Hoje, o Correio da Manhã faz capa indo buscar aos arquivos uma noticia de há para aí uns quatro anos - "Médicos com salários de 50 mil euros" (para a partir daí alegarem que os cortes na saúde foram uma consequência desses elevados pagamentos).
Lá dentro, referem que o Tribunal de Contas terá detetado, numa auditoria realizada há uns anos atrás, descontrolo no pagamento de horas extraordinárias em vários hospitais, e que num determinado mês, um oftalmologista do Centro Hospitalar do Barlavento Algarvio terá ganho 50 mil euros com as horas extraordinárias (o médico até está reformado há vários anos, mas o CM achou a notícia atual).

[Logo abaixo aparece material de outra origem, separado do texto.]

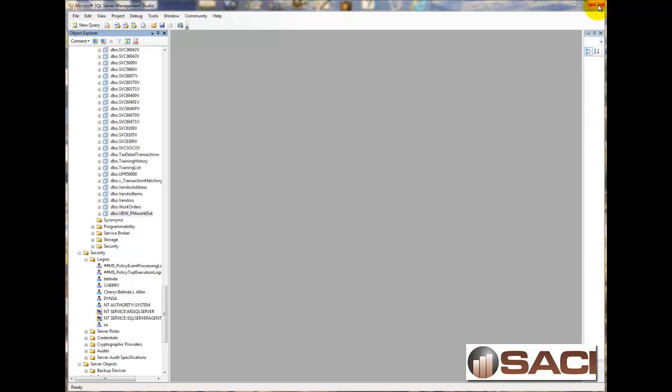That's the technical side of it. The rest the individual users can handle using Excel. Hope this helps.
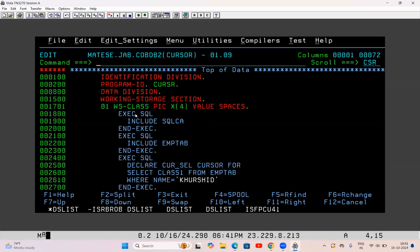Whenever a SELECT query fails with -811 we have to write a cursor. Now this is a huge coding issue — if any program is failing in production with -811 it's a big issue. If any day a program has failed and you see the reason is -811, there is no shortcut to fix it. There is no temporary fix — it's a pure coding issue because we did not code it properly or test it properly. We did not find the issue in the dev region, and because of that it has failed in production. There is no temporary fix — we have to rewrite the code and do all the testing.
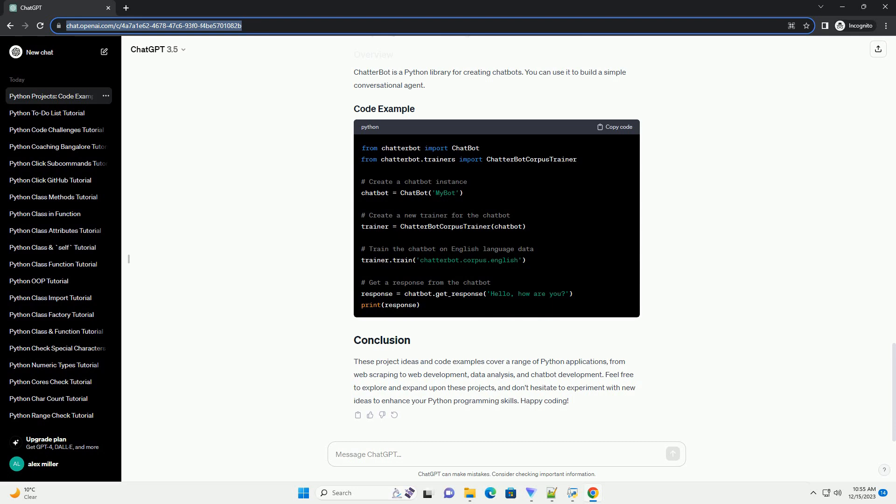Web scraping is the process of extracting data from websites. BeautifulSoup is a Python library that makes it easy to scrape information from web pages. Flask is a lightweight web framework for Python, perfect for building web applications.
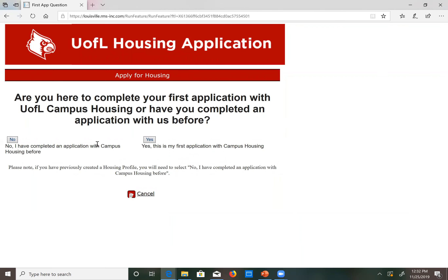Once you've selected apply for housing you'll be redirected to a page that asks: are you here to complete your first application with UofL campus housing, or have you completed an application with us before? If this is your first time accessing any UofL campus housing application, select yes, this is my first application with campus housing.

Bem, eu trabalho no então chamado Centro Hospital do Barlavento Algarvio, na altura dos acontecimentos trabalhava do Serviço de Vencimentos, a duas mesas ao lado de quem processava esses vencimentos, e por vezes até era eu que os conferia. E (dentro dos limites da confidencialidade profissional, que vou tentar não ultrapassar neste post) posso assegurar que essa notícia é mentira (e se eu fosse ao médico e aos administradores do CHBA da altura levantava um processo ao CM por calúnias).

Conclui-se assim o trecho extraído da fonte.